Yesterday I went out to observe an MBA negotiations class focused on nonverbal communication. The class was held out at a ranch, and was led by a horse whisperer. He put the MBA volunteers through increasingly complex paces, starting from just walking a horse around the paddock to turns to who-knows-what, because I left after the first session. But the walking thing was very interesting to me, since I’ve failed so spectacularly at conveying the concept of loose leash walking to Banjo and Petra especially.
One of the MBAs took the bridle really close to the horse’s mouth and led him around. The horse whisperer said the technique got the desired result, but was basically the equivalent of a mom at the end of her rope steering a toddler out of a store by the upper arm: it’s removed the element of choice. In a better scenario, the horse follows willingly.

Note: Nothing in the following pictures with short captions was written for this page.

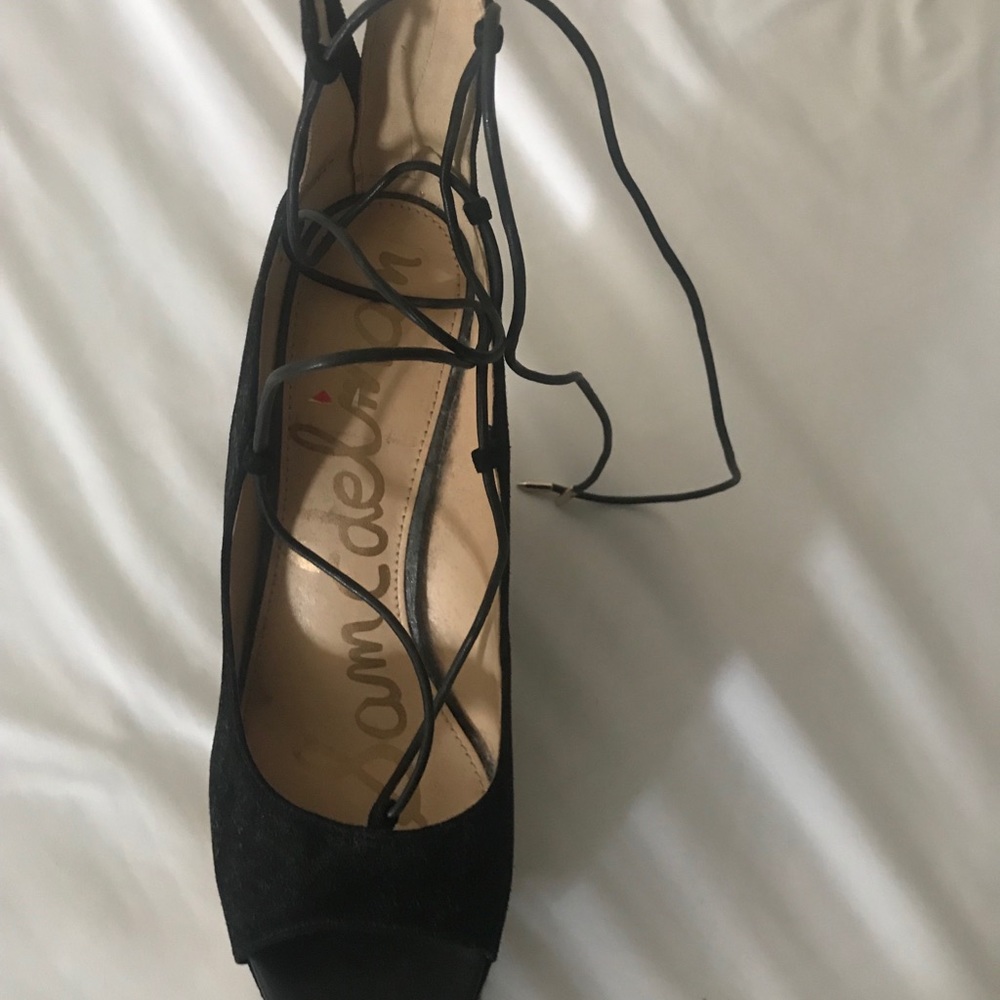 Wedge heels - Picture 3 of 5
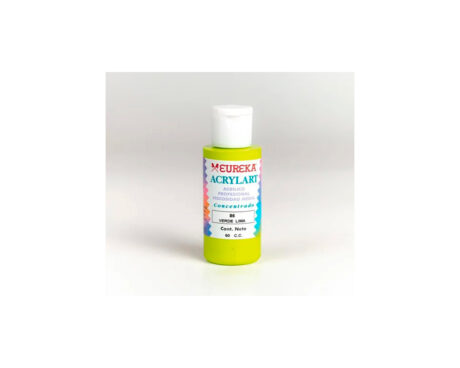 ACRILICO ACRYLART   60 CC 86 VERDE LIMA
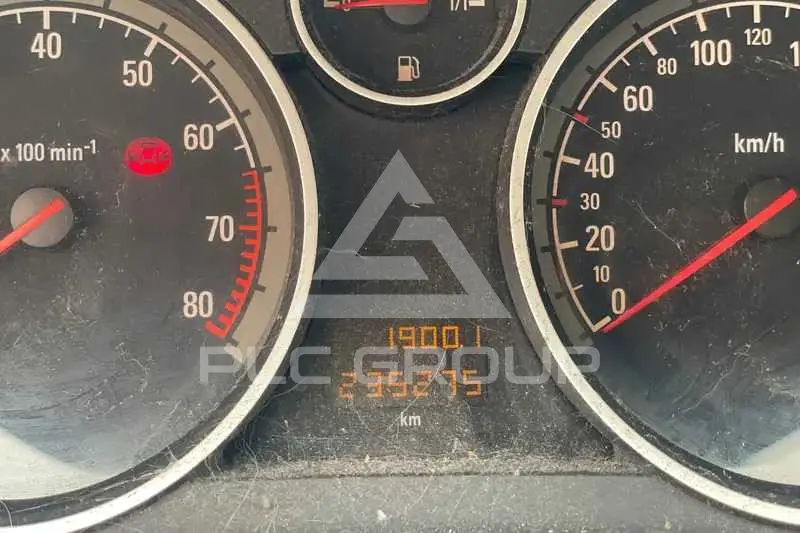 2007 Opel Astra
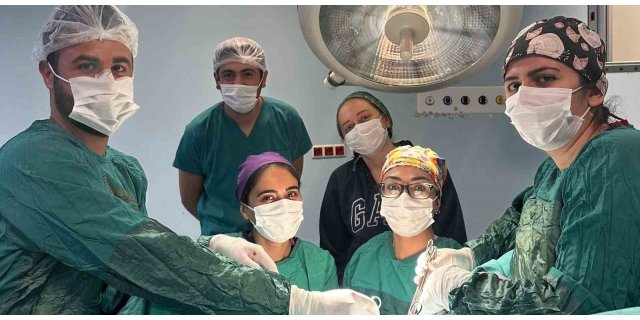 Kağızman'da Rahim Sarkması Çözümü: Vajinal Histerektomi ile Yeni Dönem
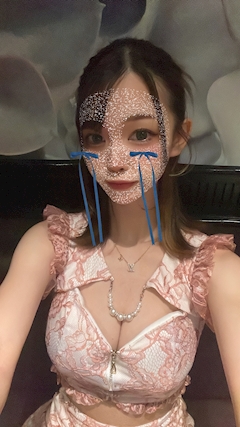 プロフィール写真2・あお｜NOX・ノックス - 松山市のキャバクラ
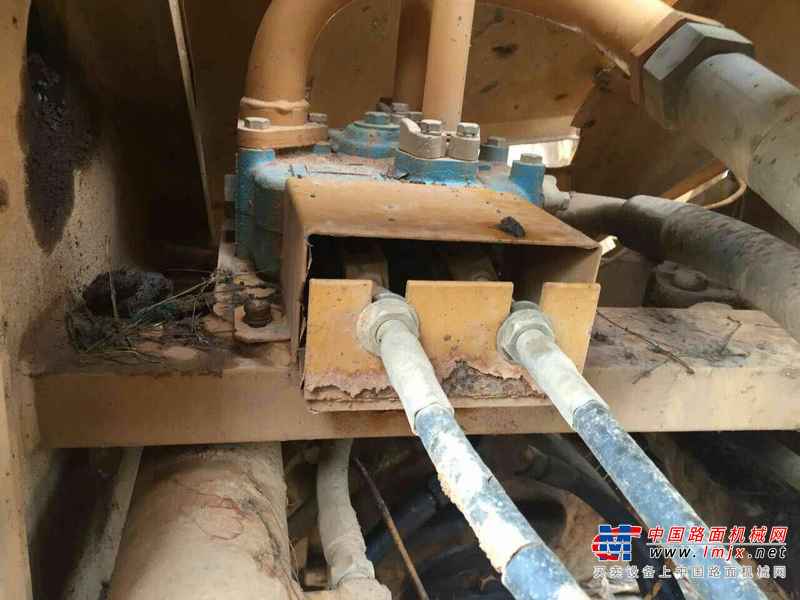 江西出售转让二手3547小时2012年龙工LG853装载机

I always keep Petra and Banjo on a short leash. So I’ve been taking away their choice, terms I hadn’t thought about it in before. So when S and I took the dogs on a walk last night, I started to use that technique I’ve heard about ad nauseum but never really embraced: changing direction. Every time Banjo pulled ahead, I brought him around in a big loop so that I ended up in front again. S pointed out that he was actually enjoying it, that he was trotting and alert. So then we switched dogs and Petra, the horrible puller, turned out to view this as a really good game. I didn’t do loops with her so much as just frequently and unpredictably change direction. I could feel her dancing around behind me (not looking but assuming she’d follow) and she’d pull up beside me (still not pulling) and I could see her avidly watching my feet to see what I’d do next. She didn’t pull at all.
This was the first time I can recall ever maintaining their attention out on the street without a bag of treats. A breakthrough? Perhaps. The next step is trying to figure out how to recreate the effect with both dogs instead of just individually.